My mother wrote to Capt. Wilson a few months ago but sadly he doesn't remember Bill. So that's basically all the information I have for Bill. I have a good friend by the name of Ambrose who telephoned all Johnson's in Formby but came up empty handed. And a good friend by the name of Tommy who has been my e mail buddy since my first search. As he was an Engineer on the Caxton during 1959-60. Here's hoping someone might shed some light on my search. Many Thanks!
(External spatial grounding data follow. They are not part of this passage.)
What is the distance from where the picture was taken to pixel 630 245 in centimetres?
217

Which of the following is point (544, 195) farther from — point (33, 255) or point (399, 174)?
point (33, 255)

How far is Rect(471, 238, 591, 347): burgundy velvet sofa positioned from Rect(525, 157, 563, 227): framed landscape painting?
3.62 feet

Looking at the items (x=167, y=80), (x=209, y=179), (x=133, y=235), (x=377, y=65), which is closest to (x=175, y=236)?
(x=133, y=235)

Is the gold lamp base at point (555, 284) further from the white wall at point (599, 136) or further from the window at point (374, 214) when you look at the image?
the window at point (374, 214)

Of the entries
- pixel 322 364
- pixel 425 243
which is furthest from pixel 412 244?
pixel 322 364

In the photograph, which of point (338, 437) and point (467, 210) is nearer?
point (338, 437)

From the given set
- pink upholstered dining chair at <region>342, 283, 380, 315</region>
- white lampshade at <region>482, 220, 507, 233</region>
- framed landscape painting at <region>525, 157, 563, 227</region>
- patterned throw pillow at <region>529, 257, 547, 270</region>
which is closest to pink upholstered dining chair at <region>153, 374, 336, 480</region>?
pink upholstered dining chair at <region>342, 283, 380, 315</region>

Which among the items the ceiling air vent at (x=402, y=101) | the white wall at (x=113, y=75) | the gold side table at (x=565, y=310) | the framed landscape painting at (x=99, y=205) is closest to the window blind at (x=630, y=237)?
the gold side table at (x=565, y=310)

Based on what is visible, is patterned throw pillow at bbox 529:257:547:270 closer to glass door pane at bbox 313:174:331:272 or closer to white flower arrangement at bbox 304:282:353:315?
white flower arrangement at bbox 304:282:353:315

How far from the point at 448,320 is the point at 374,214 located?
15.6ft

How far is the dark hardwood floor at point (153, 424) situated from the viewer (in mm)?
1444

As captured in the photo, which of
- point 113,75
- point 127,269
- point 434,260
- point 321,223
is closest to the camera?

Ellen


----------



## Scratcher (Sep 27, 2005)

*Caxton*

Hi,
I sailed as EDH on the Caxton for 3 trips on the run you mentioned.This was in the early sixties.The Captain at that time was a young guy,Captain Rollo i think?I had a pic of her but unfortunatly have lost it.If you have one could you please E-mail me a copy. It was winter time when i was aboard her, so i signed of to get some sunshine.Joined a the British Gannet and ended up on the norwegian coast!!!!!!!!!!! out of the frying pan into the fire!!!! best laid plans and all that!!!!!!!!!


----------



## I hate picking names (Sep 14, 2005)

Sorry it has taken me so long to reply. I forgot my password and couldn't log on. I do have a picture of the Caxton. It was sent to us last year by Captain Paddy Wilson who lives in Belfast, Ireland. He said it would be one of the last trips she made into Dalhousie. I've talked to only a few crew members who were on the Caxton, but no one seems to remember Billy. I have a picture of him as well. I'm not sure how to attach a picture of the caxton on here. Or I think it would be better to send it directly to you? Just let me know how I can do this for you. Mind you it's not the best picture of her. She looked a bit rusty. Best regards Ellen


----------